They’ve widened highway 69
up through Parry Sound.
Now, perched on outcrops
and staring from their rocky ledges,
are the Inukshuks,
granite rubble stacked,
legs, torsos, arms and heads.
“We are here” (we think they say),
a testament to those
who set them there,
a good host with arms wide,
or maybe a guide to point the way.
I am the bones of my mother,
Laurentia, the womb of a continent
lain in place a billion years,
magma cooled to granite,
feldspar, quartz and mica,
groaning beneath the weight
of ice a mile thick or more,
crying away the pain with rivers,
north through the Arctic watershed,
south through the Great Lakes waterways.
They came with their blasting caps,
their boring drills and dynamite,
graders and big-wheeled trucks,
roaring from first light until
the sun went down, then it began again:
a billion years blown to bits
in the blinking of an eye.

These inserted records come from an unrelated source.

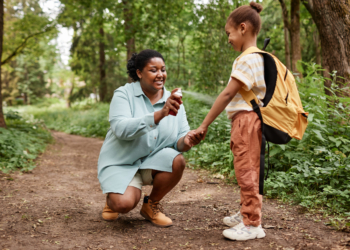 Side view portrait of black mother and daughter hiking together and using bug spray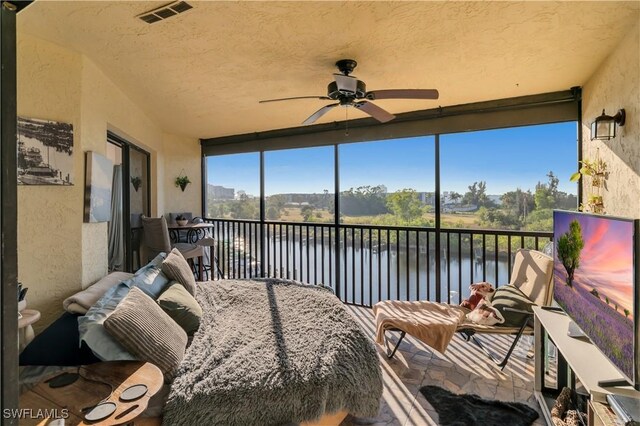 sunroom / solarium with ceiling fan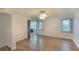 Inviting bedroom with wood floors, large windows, and access to an enclosed porch, promoting relaxation and natural light at 5642 Garden Lakes Dr, Bradenton, FL 34203
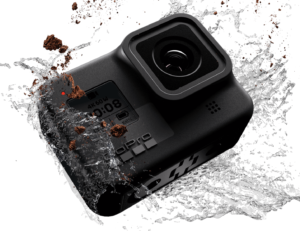 a black camera with water splashing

For what?
For that frenetic two-day flurry
round-trip scurry from the city?
Bury the land in asphalt
to appreciate its beauty?
Though I’m nothing but the pickings
of a corpse, I will endure.
Long after your greatest monuments,
and you with them, are ground to dust,
my hard bones will still be here,
dead arms stretched wide, a host,
but not for you,
pointing the way, a guide
to the river, running deep
with my mother’s tears.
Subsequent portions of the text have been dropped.